▶ _DIRECTIONS_
Extract every entry word for word. Skip the pictures.

--- RECORDS TO PROCESS Enclosed Below ---

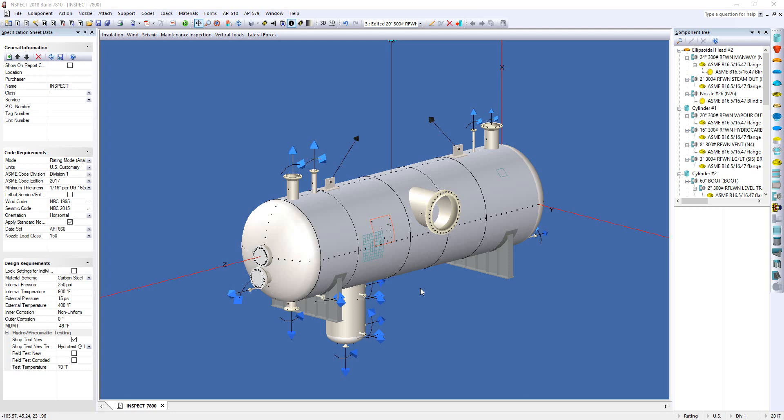CodeCase 2901 provides an analysis for evaluating external loads on standard B16.5 and 16.47 weld neck flanges.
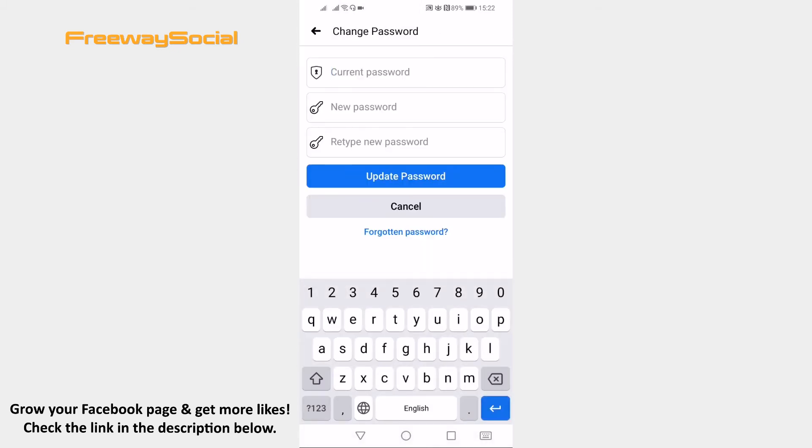Now type in your current password, new password and retype your new password and you will be able to update it without logging out.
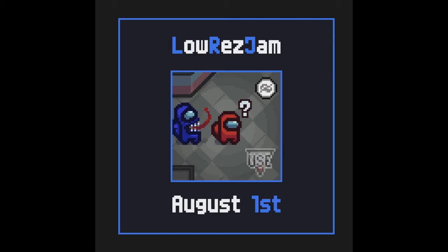Hello, my name is Jupiter Hadley and today we're doing another version of GDP Plays All The Games, this time with the Low Res Jam.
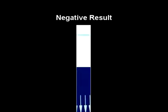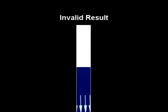The appearance of only the blue control line means that the test is presumptive negative. If the blue control line does not appear at 15 minutes, the test is considered invalid and the test result cannot be used. If the test is invalid, a new test should be performed.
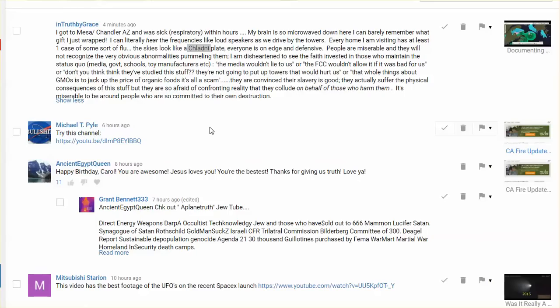The skies look like a, how do you pronounce that, Chalindi plate? I might have gotten that wrong.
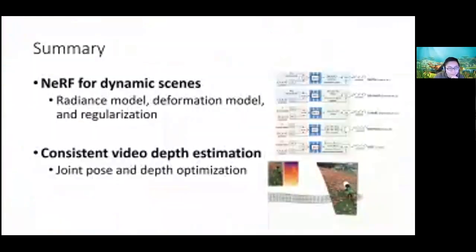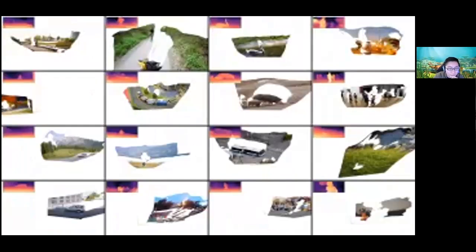Audience question: Is the MiDaS depth up to an unknown shift and scale? Why not solve for shift? Response: We did try aligning depth maps with scale and shift, but couldn't make it work. Currently we only make it work by scaling — all spatial information is only on scale. Probably because there's too much freedom when you add both scale and shift.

--- End of Enclosed RECORDS TO PROCESS ---

▶ _TASK OUTPUT_
CodeCase 2901 provides an analysis for evaluating external loads on standard B16.5 and 16.47 weld neck flanges.
Now type in your current password, new password and retype your new password and you will be able to update it without logging out.
Hello, my name is Jupiter Hadley and today we're doing another version of GDP Plays All The Games, this time with the Low Res Jam.
The appearance of only the blue control line means that the test is presumptive negative. If the blue control line does not appear at 15 minutes, the test is considered invalid and the test result cannot be used. If the test is invalid, a new test should be performed.
The skies look like a, how do you pronounce that, Chalindi plate? I might have gotten that wrong.
Audience question: Is the MiDaS depth up to an unknown shift and scale? Why not solve for shift? Response: We did try aligning depth maps with scale and shift, but couldn't make it work. Currently we only make it work by scaling — all spatial information is only on scale. Probably because there's too much freedom when you add both scale and shift.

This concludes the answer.